(Vibiznews – Forex) – Pair USDJPY pada sesi Asia Senin (29/3/2021) bergerak kuat masuki area resisten hariannya oleh berlanjutnya kekuatan perdagangan aset risiko dan kenaikan posisi yield treasury AS ke tertinggi 14-bulan. Yen Jepang berada di posisi terendah 9 bulan setelah tertekan perdagangan pekan lalu oleh rencana BOJ yang setuju untuk melonggarkan kebijakannya tanpa ragu-ragu jika diperlukan dengan memperhatikan dampak pandemi pada ekonomi.
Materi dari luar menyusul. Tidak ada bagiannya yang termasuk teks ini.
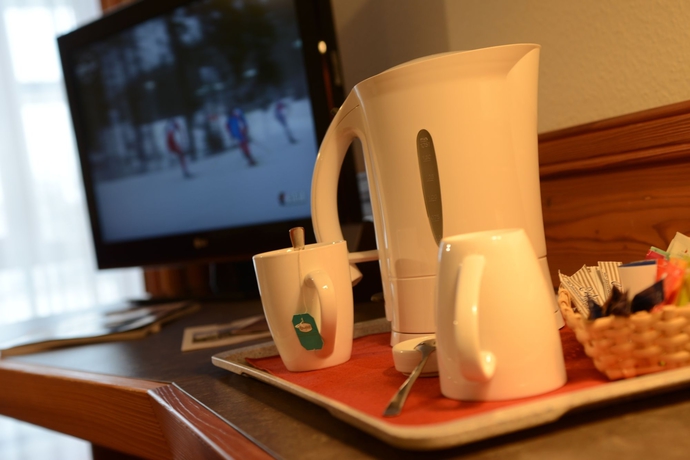 Imagen de la habitación del Hotel Best Western Parkhotel Weingarten. Foto 14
Sentimen perdagangan aset risiko sedang menguat setelah rally bursa saham Wall Street AS pekan lalu, yang di-support oleh rencana penggandaan vaksinasi dan paket pengeluaran infrastruktur senilai US$3 triliun di AS.
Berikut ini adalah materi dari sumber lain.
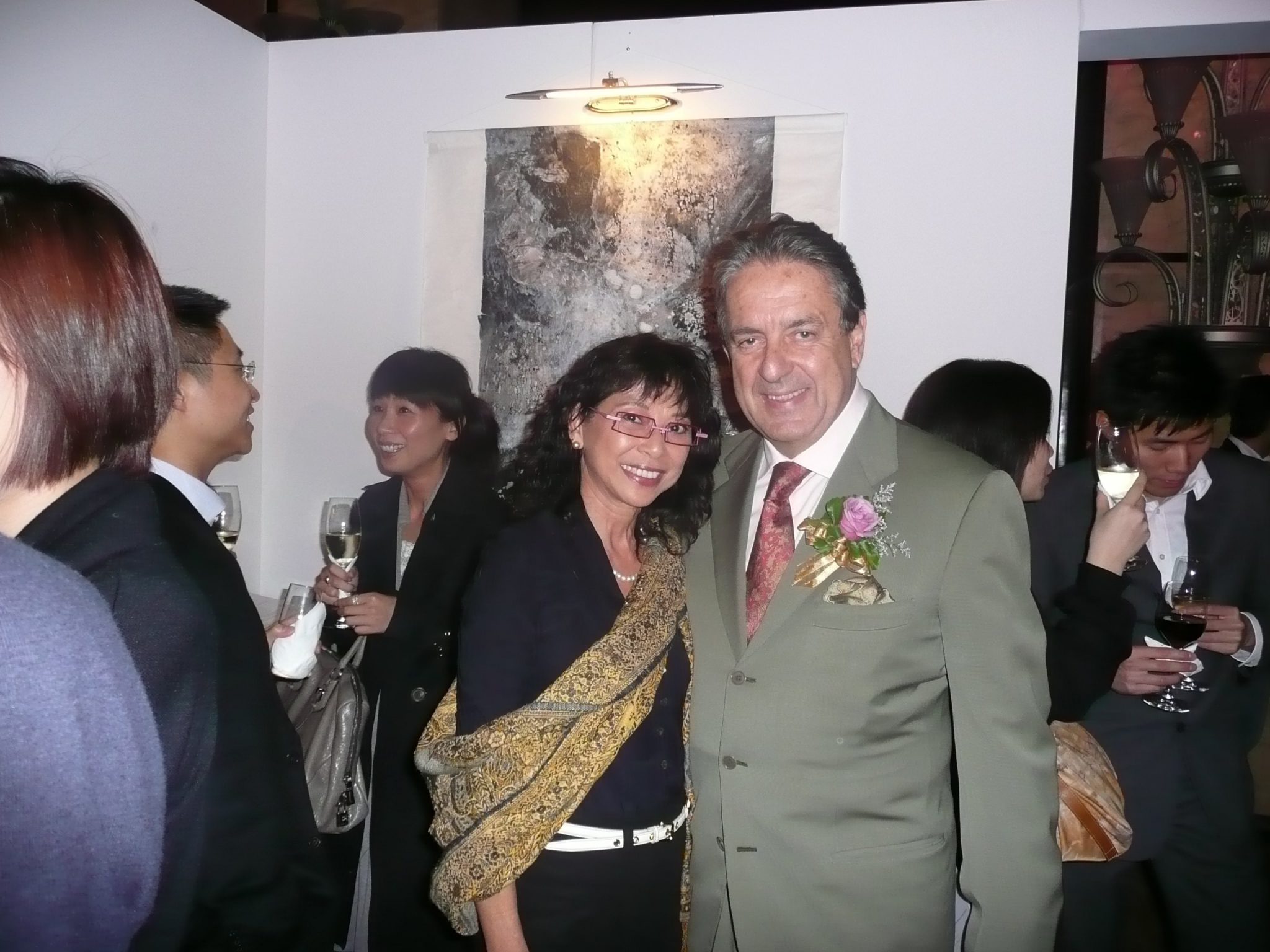 Philippe Charriol Night 2008 - 2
Indeks dolar yang menunjukkan kekuatan dolar AS terhadap banyak rival utamanya sedang bergerak positif di pasar uang Asia mendekati posisi tertinggi 4 bulan. Dolar AS mendapat kekuatan dari ekspektasi pemulihan ekonomi AS yang diperkirakan akan memberikan pertumbuhan ekonomi tercepat sejak 1984 yang mendorong kenaikan yield obligasi AS.
Secara teknikal menurut analyst Vibiz Research Center pair USDJPY bergerak retreat, pair yang berada di posisi 109.79 sedang mendaki ke posisi R1 dan juga R2. Namun jika berbalik arah, pair akan turun menuju pivot sebelum meluncur ke S1 dan juga S2.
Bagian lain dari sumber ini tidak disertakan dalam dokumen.